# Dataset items

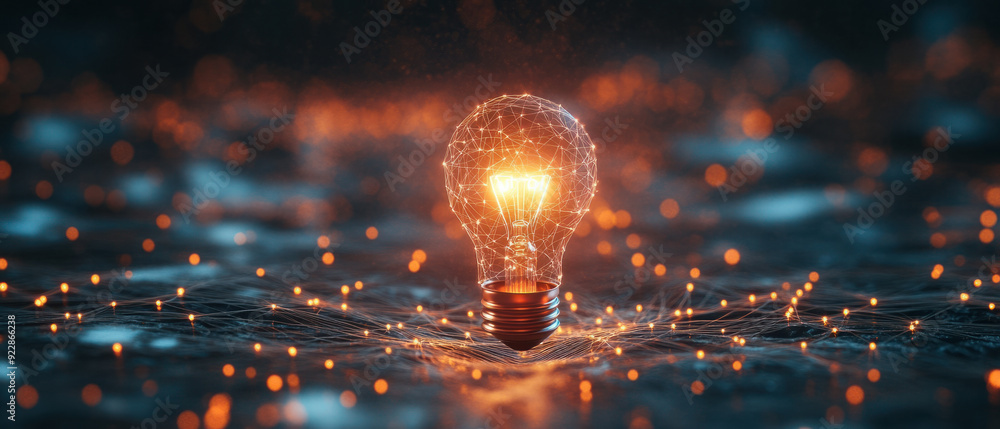 Poster bright innovation, a solitary light bulb emits a bright glow in the center of a vast web of digital 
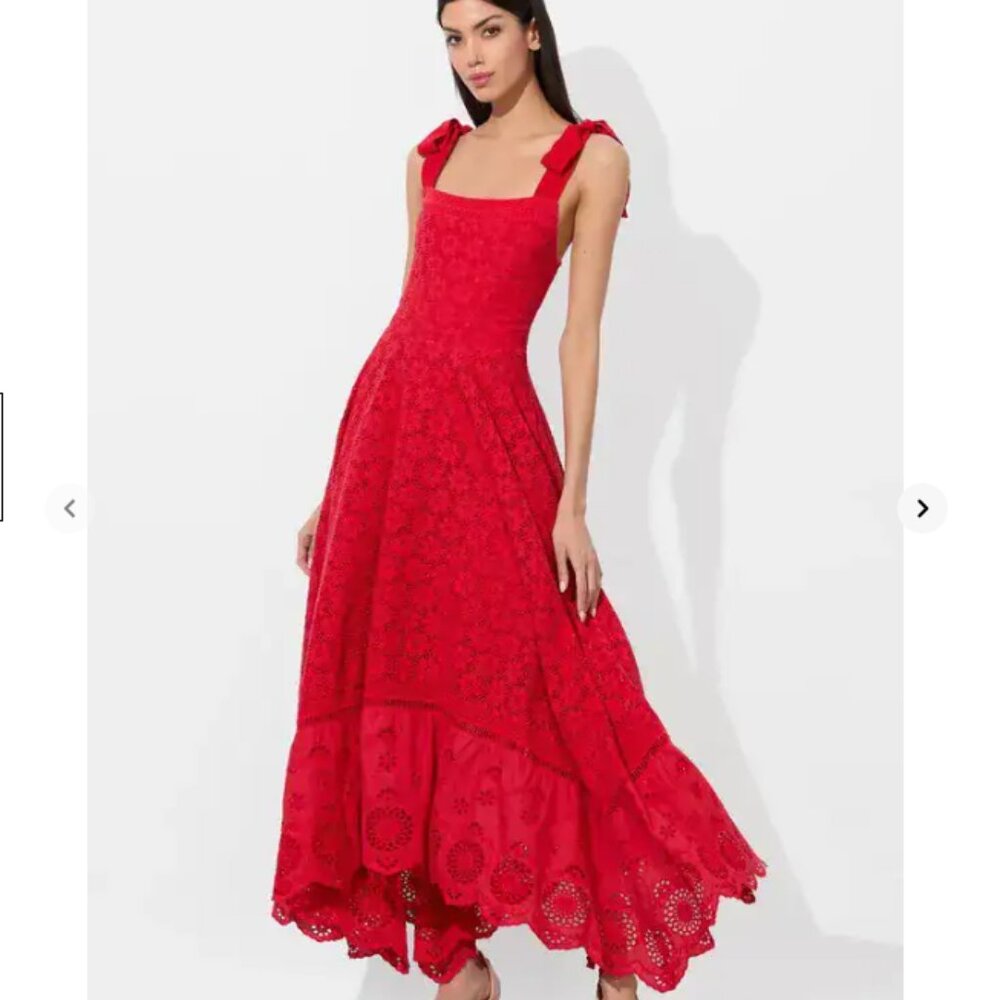 NEW Alice + Olivia Rosalee Eyelet Maxi Dress Tie Strap Red Cotton - Picture 1 of 15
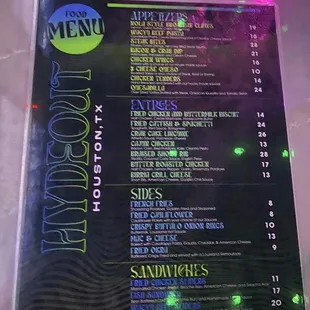 the menu of the restaurant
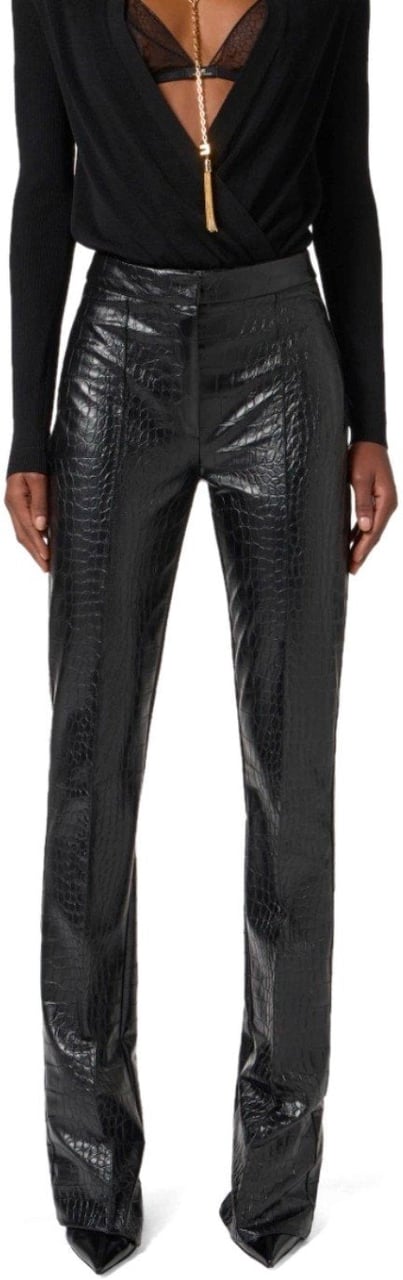 Elisabetta Franchi ELISABETTA FRANCHI PANTS WITH CROCO-PRINT Zwart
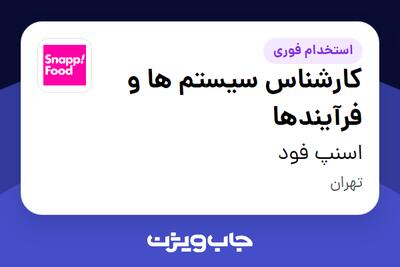 استخدام کارشناس سیستم ها و فرآیندها در اسنپ فود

# ACTION ITEM
Omit the pictures. Repeat the rest of the data exactly.

# RESPONSE AREA
 Poster bright innovation, a solitary light bulb emits a bright glow in the center of a vast web of digital 
 NEW Alice + Olivia Rosalee Eyelet Maxi Dress Tie Strap Red Cotton - Picture 1 of 15
 the menu of the restaurant
 Elisabetta Franchi ELISABETTA FRANCHI PANTS WITH CROCO-PRINT Zwart
 استخدام کارشناس سیستم ها و فرآیندها در اسنپ فود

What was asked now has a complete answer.